Dance Smartly wins the Canadian Oaks.
Dance Smartly wins the Canadian Oaks. (Michael Burns/BloodHorse)

After that, Day and Samuel took aim at the Triple Crown and Dance Smartly responded to the challenge in electrifying fashion. She not only won the mile and a quarter Queen’s Plate at Woodbine, she ran away and hid from her overmatched male rivals, winning by eight lengths.

A two-length triumph in the Prince of Wales at Fort Erie followed and she completed the sweep by notching a lopsided eight-length win on turf in the Breeders’ Stakes to become Canada’s third straight Triple Crown winner, joining Izvestia in 1990 and With Approval in 1989.

“She was so versatile,” Day told Daily Racing Form in 2007. “Nowadays, a lot of good horses have their little niches. She ran well at every distance and on every surface you can imagine.”

The Triple Crown winner remained in Canada and once again beat males in the Grade 2 Molson Export Million, winning by two lengths in a track record time for the mile and an eighth at Woodbine.

That left one last mountain for Dance Smartly to climb.

Day brought Dance Smartly to Churchill Downs for a showdown with America’s top fillies and mares in the Breeders’ Cup Distaff.

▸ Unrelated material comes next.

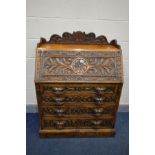 AN EARLY 20TH CENTURY OAK BUREAU, carved with scrolls, foliage and masks, gallery top, fall front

Facing 12 rivals, the pride of Canada topped an odds-on 1-2 favored entry and recorded a length and a half victory over Versailles Treaty to become the first Canadian-bred to capture a Breeders’ Cup race. Her earnings in the Breeders’ Cup also made Dance Smartly the sport’s all-time leading earner among fillies and mares.

Her eighth victory in eight 1991 starts not only earned Dance Smartly acclaim as the year’s Eclipse Award-winning 3-year-old filly but sealed her status as Canada’s Horse of the Year.

At 4, ankle woes plagued her and she failed to regain form, winning just once in four starts. Dance Smartly was retired after finishing third in the Grade 1 Beverly D. Stakes on turf at Arlington Park.

Yet even that subpar 4-year-old season could not cloud the brilliance of her unforgettable campaign a year earlier. In 1995, she entered Canada’s Racing Hall of Fame and in 2003  and was she was voted into the United States’ National Museum of Racing and Hall of Fame.

“She was certainly as good a horse as any person ever trained,” Day told Daily Racing Form.

Being a female and a Triple Crown winner, there’s surely no doubt about that.


Fun Facts About Dance Smartly

  • Dance Smartly was an equally successful broodmare. Among her foals were back-to-back Queen’s Plate winners Scatter The Gold and Dancethruthedawn.
  • Among the colts Dance Smartly beat in the Molson Export Million was Fly So Free, the champion 2-year-old male of 1990.
  • Dance Smartly earned $3,263,836 in her career.
  • When Dance Smartly was named the champion 3-year-old filly of 1991, she won the award over Meadow Star and Lite Light, who clashed in the famed edition of the Mother Goose Stakes that was known as “The Mother of All Gooses.”